On 27 October 1169, a huge fleet of 230 Byzantine warships sailed towards the Egyptian coast, making landfall at the city of Damietta at the head of the Nile. The ships were carrying an invasion force, including heavy cavalry on 60 specially built transports.
At the same time, a large Crusader army led by the King of Jerusalem, Amalric I, marched down the coast of Sinai towards the city. The allies intended to conquer Fatimid Egypt, dividing it between them with Byzantine emperor Manuel I Komnenos taking the coastal area and Amalric's Crusaders taking the interior.
So far, everything is OTL.
Egypt was seen as the fulcrum on which the fortunes of the entire cosmic battle between Christianity and Islam would revolve. If Egypt joined forces with Nur ad Din in Syria, the Crusaders would have a serious problem. Meanwhile, the Byzantines saw the Crusader presence as a useful bulwark in the struggle against the Turks.

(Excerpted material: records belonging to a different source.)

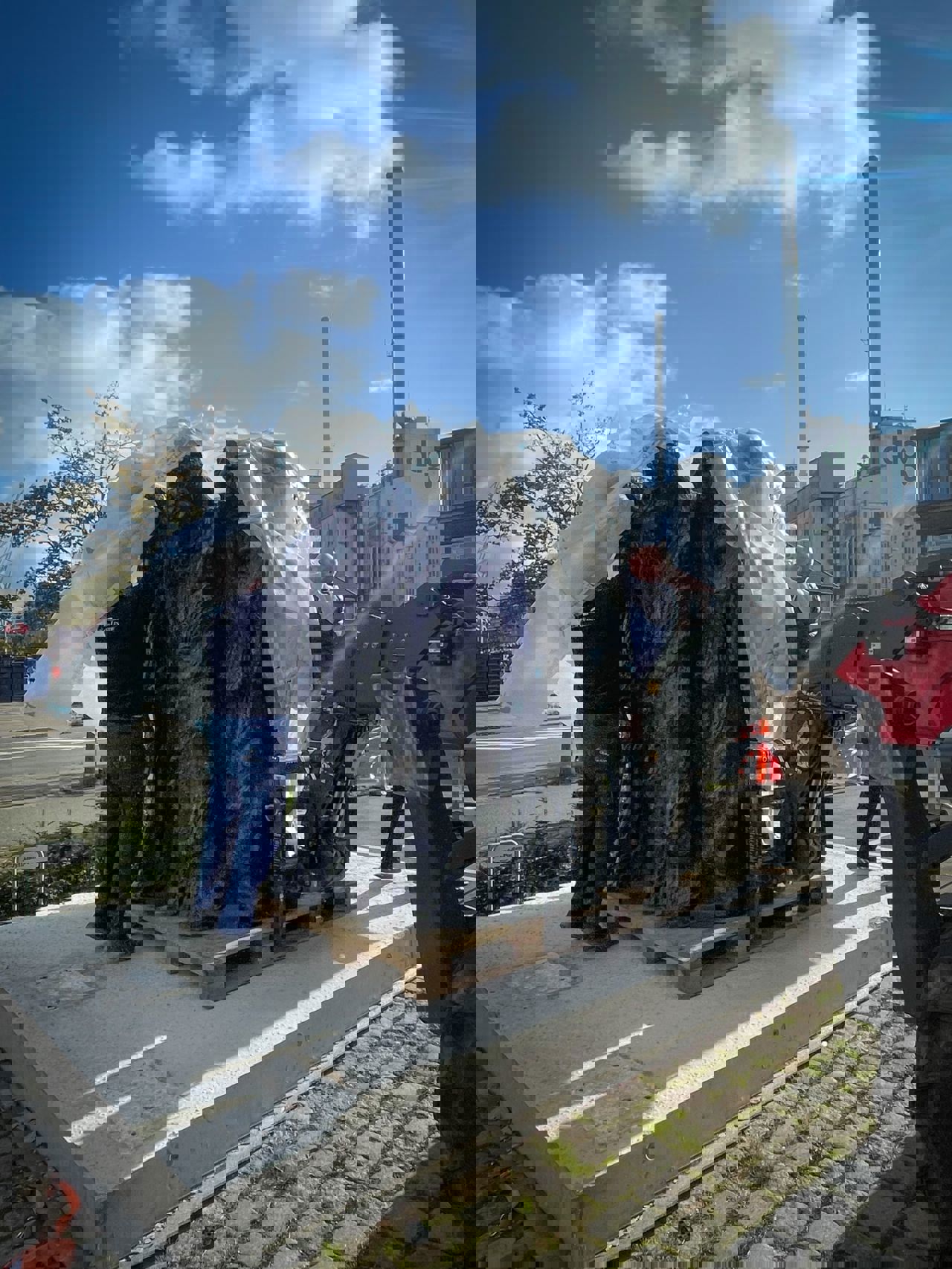 Monumental bronzeskulptur får midlertidigt hjem ved Mindet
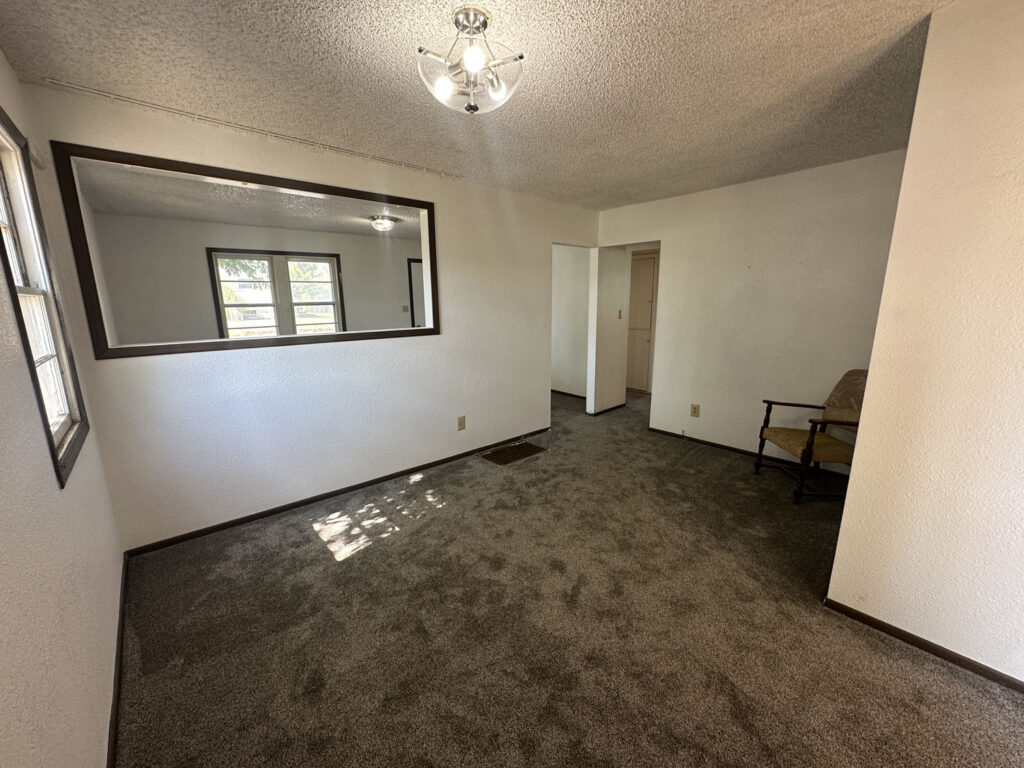 903 e roosevelt Dining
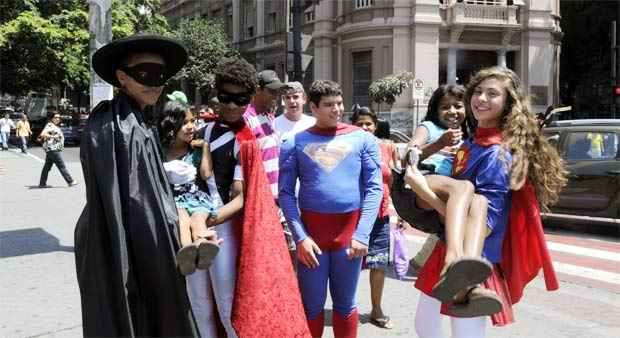Super-heróis fazem ato na Praça Sete para demonstrar a importância da gentileza urbana - Jair Amaral/EM/D.A Press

What happened next is the subject of some dispute. What we know is that the joint expedition failed, with the consequence that Saladin took power in Egypt in 1171. By 1187, Jerusalem was back in Muslim hands, the Crusader power had been fatally broken, and the Byzantine Empire slipped into terminal decline.
But what if the invasion of October 1169 had succeeded?
1). Could the Crusaders have survived longer than OTL?
2). Would the Byzantines have benefitted?
3). How would the Muslim world react to the loss of Egypt?
4). Could the allies have held the territory?